Town says education key to lift station problems
The Town of Bay Roberts is streamlining a part of its tax collection policy.
© Photo by Nicholas Mercer/The Compass
Bay Roberts director of public works Sean Elms brought along these samples to council on Jan. 28. They show what town employees have been pulling out of lift stations in recent weeks.
This is after a change to the number of notices given to delinquents was approved at the town’s regular council meeting on Jan. 28.
The tax collection policy drops its number of formal notices from three to two. Prior to the change, Bay Roberts sends out quarterly notices to all of its residents, along with notices to especially strong offenders.
“The auditor has said it is something we should pay more attention to,” said chief administrative officer Nigel Black. “We tried to devise a policy that is trimmed down as much as we could because we do have limited staff and ability to try and collect.”
He said the change in policy would not require the hiring of additional personnel at this time, although it was not ruled out.
“That is an option as well,” said Black.
The changes work like this.
Those who have not paid would receive a 30-day notice, followed by a 10-day notice and then final notice.
At that point, the town would be free to cut off certain services supplied to those in arrears.
This accepted change eliminates the 10-day notice.
Black said the change was made in an effort to “simplify” the collection process.
“It’s an attempt to make it more efficient,” he said.
This is not the first time, Bay Roberts has targeted tax delinquents.
In January 2012, the town instigated a policy that would see it collect two per cent interest per month on outstanding balances. That started in July of the same year.

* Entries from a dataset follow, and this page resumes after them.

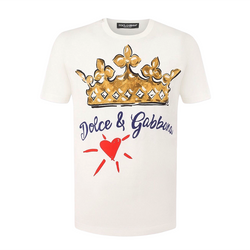 Áo Phông Nam Dolce & Gabbana  D&G T-Shirt  G8IA8T HH7QW Màu Trắng Size 46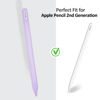 Picture of KELIFANG Silicone Case Sleeve Cover Compatible Apple Pencil 2nd Generation, Protective Skin Holder Grip and 2 Tip Cap Accessories Compatible iPad Pro 11 12.9 inch, Purple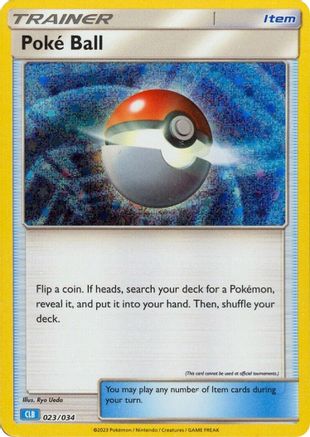 Poke Ball (CLB) 023/034  - Holofoil Trading Card Game Classic - Classic Collection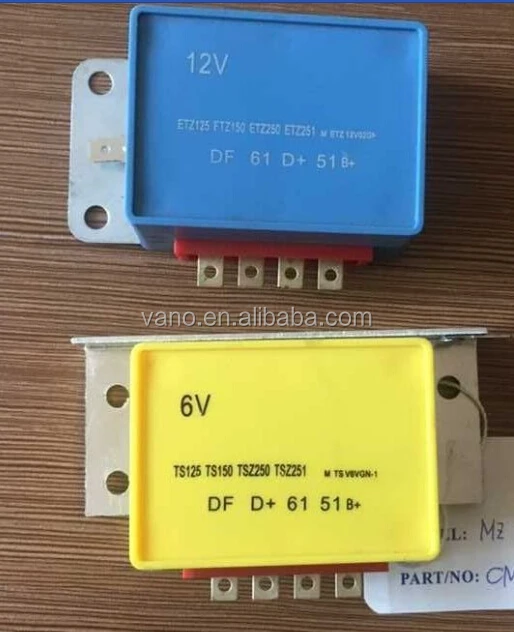 MZ 12V ETZ 125 ETZ 150 250 motorcycle regulator rectifier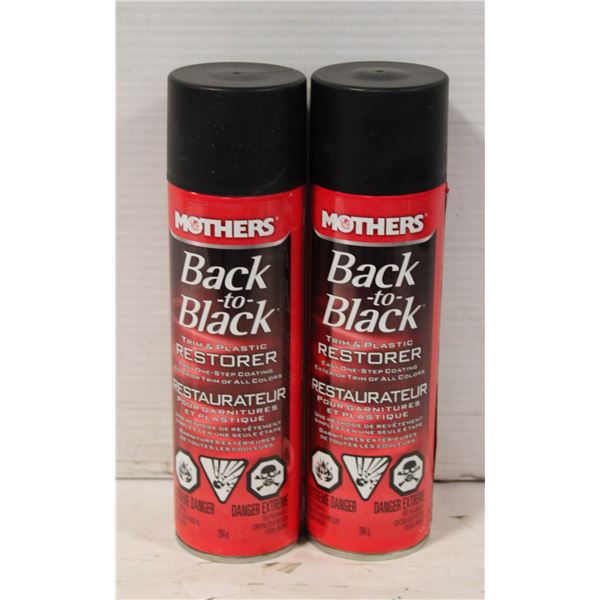 2 NEW BACK TO BLACK TRIM & PLASTIC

“About two years ago, we started a policy, and we did have a lot of success collecting,” said Mayor Philip Wood. “Even if you have 95 per cent of your people paying, which is good, there is still five per cent. The five per cent over 20 and 30 years adds up.”
As it stands, the town is owed an accumulative $1 million in back taxes.
Wood estimated the town’s collection rate stands between 90 and 95 per cent during the meeting.
“Still that, five or 10 per cent does not be long adding up,” he said.
“It’s a substantial amount of money at the end of the day,” added Black.
Lift station problems
The town has been experiencing problems with its lift stations.
Along with residents that have had trouble with their systems being backed up, the town has been pulling loads of troublesome items from its stations.
At the meeting, director of public works Sean Elms brought along three clear plastic bags. Each was filled with items flushed down toilets by residents. They included dishcloths, Swiffer pads, paper towels, gloves, mop heads and other materials that are not meant to enter the town’s water system.
“Only toilet paper should be flushed,” he said.
When these small objects are put into the system, they cause major headaches for Elms and his crews he explained.
As these materials are flushed, it starts to build up and begins to clog the pumps at lift stations.
Elms said if one pump becomes clogged it starts a chain reaction along the line and causes other pumps to clog.
“This is what’s in our sewers. This is what’s costing us thousands and thousands of extra dollars to get cleared,” he said.
Clearing the system
It is not just discarded items causing problems at lift stations in the communities, especially in recent weeks.
The Conception Bay North region has experienced periods of heavy rain. This has caused some residents who have submersible pumps to direct water into the town’s sanitary sewer.
“I was looking at a lift station, and we had it open and were cleaning it and all of the water coming into it was completely clear,” said Elms. “Way back when I guess, it was okay for people to hook up their weeping tile and their sub pumps and put it into your sanitary sewer.
“That’s not a good thing because it fills our sanitary sewer.”
At this particular lift station, the town had three vacuum trucks working at the same time to clear the water and it did very little to reduce levels.
The council agreed that education is a part of the issue, as well as the size of the pumps found at stations.
“I feel that we need to get the word out (on materials),” said Deputy Mayor Walter Yetman.
Black said the town is completing a feasibility study into purchasing larger pumps.
The town is waiting on word from the Department of Fisheries and Oceans on the status of two projects.
One being the gut in Long Pond on Gulley Road in Coley's Point. A resident has expressed concern about potential flooding because of its widening. The town needs a permit from DFO to complete the work necessary to address these concerns.
The other project pertains to Rocky Pond. Residents are concerned with the water levels there.
The town is looking at reopening the brook running between Rockey Pond and Beaver Pond, and would need permission from DFO before starting the work.
Bay Roberts has started the year strong in the residential housing department.
Council has approved three new building applications in 2014.